What is the randomness of the return value of the malloc function?

Question

I found this code snippet in an old and dusty project:

int *p = (int*)malloc(sizeof(p));           // generate random number
free(p);                                    // free up space
int rand = p%3;                             // get random value in between 0-2

Apart from it being bad style and unnecessary as we got srand in the C standard lib, what is the actual randomness of the return value?

While true randomness is not needed in the context it is used, I tested it several times for 99999999 iterations each and for every single test run rand == 0 was less often true than both other cases (rand == 1 and rand == 2).

One example:

• rand == 0: true 27343746 times out of 99999999
• rand == 1: true 36328138 times out of 99999999
• rand == 2: true 36328115 times out of 99999999

Answer 1

This is a really silly way of getting a random number. Its behavior is extremely dependent on the platform and on what else the application code is doing. For example, if you call it in a loop with no other memory allocation going on, then on many systems malloc will keep returning the same block over and over because free returns it to the front of the free list, so p will be the same each time. On many others, you'll get a cycle eventually as the heap grows to a certain size and then the allocator cycles through a number of slots.

This particular possibility is evidently what's happening in your experiment: you get rand==0 in 70/256 cases and rand==1 and rand==2 in 93/256 cases (apart, presumably, from the first few allocations where the cycle has not been reached yet and the last, partial cycle). I'm not familiar enough with malloc implementations to explain this particular distribution; possibly the control structures used by malloc have a size that's a multiple of 3 which would create a bias modulo 3.

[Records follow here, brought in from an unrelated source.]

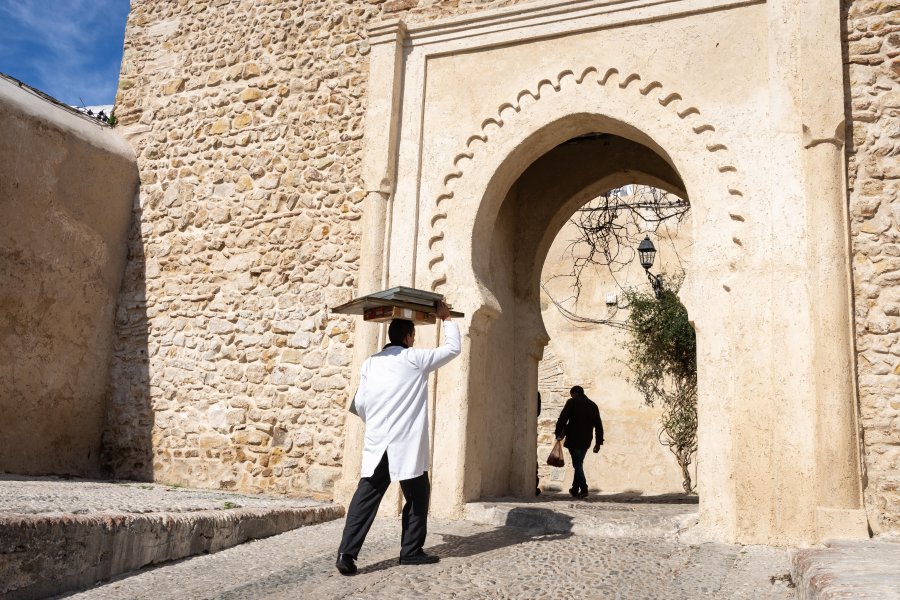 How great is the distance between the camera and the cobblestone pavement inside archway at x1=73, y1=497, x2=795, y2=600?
4.06m

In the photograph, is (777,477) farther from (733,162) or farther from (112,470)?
(112,470)

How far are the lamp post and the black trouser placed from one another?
8887 mm

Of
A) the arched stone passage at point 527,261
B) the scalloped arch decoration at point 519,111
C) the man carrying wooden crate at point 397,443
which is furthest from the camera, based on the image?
the arched stone passage at point 527,261

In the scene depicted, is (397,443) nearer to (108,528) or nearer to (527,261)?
(108,528)

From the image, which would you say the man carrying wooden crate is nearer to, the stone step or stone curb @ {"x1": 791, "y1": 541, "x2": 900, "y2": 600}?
the stone step

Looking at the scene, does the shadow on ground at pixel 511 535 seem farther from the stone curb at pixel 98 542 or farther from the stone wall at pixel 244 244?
the stone wall at pixel 244 244

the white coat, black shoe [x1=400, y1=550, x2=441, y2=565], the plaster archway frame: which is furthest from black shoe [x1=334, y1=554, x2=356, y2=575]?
the plaster archway frame

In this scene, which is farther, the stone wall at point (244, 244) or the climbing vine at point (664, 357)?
the climbing vine at point (664, 357)

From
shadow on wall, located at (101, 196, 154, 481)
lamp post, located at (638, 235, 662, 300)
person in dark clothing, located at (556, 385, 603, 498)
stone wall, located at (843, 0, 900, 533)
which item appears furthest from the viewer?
lamp post, located at (638, 235, 662, 300)

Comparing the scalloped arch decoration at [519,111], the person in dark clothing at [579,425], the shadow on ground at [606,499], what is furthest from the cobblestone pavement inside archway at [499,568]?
the person in dark clothing at [579,425]

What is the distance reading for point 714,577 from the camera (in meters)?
4.47

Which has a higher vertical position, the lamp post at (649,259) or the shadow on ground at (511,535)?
the lamp post at (649,259)

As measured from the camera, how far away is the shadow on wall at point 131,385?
8.02m

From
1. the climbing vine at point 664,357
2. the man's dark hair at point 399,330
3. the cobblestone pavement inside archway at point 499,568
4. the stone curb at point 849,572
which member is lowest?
the cobblestone pavement inside archway at point 499,568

Modulo a power of 2, you'd get a bias on every realistic platform as the return values are guaranteed to be correctly aligned for any type and most platforms have alignment constraints on powers of 2. Or, in other words, a few of the lowest-order bits of p are always 0.

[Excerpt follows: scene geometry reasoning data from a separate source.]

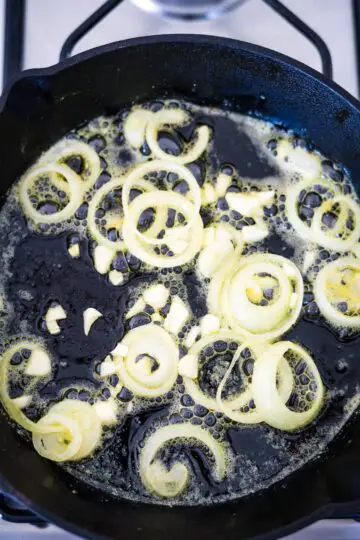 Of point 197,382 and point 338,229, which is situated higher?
point 338,229

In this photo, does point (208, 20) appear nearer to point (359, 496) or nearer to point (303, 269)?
point (303, 269)

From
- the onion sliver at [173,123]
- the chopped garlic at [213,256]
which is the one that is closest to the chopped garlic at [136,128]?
the onion sliver at [173,123]

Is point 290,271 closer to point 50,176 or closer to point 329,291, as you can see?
point 329,291

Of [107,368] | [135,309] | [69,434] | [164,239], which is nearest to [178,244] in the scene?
[164,239]

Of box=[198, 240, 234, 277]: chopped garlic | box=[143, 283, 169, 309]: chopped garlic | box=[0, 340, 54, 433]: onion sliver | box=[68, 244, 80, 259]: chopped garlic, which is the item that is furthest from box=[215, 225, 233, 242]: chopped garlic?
box=[0, 340, 54, 433]: onion sliver

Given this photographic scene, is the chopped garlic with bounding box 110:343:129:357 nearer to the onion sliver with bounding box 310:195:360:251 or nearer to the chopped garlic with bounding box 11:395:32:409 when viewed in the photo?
the chopped garlic with bounding box 11:395:32:409

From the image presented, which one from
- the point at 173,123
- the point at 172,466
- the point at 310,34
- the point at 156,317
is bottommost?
the point at 172,466

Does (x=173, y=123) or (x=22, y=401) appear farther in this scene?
(x=173, y=123)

rand is standard C and, bad as it is on most platforms (don't even think of using it for anything related to security, and even for probabilistic algorithms it often isn't good enough), it would rarely be worse than malloc output.

There are probably a few platforms out there where the return value of malloc is randomized to make exploitation of bugs such as buffer overflows and use-after-free harder (because the attacker can't predict where interesting objects will be, in the same vein as ASLR), but such platforms would have a better random generator API anyway.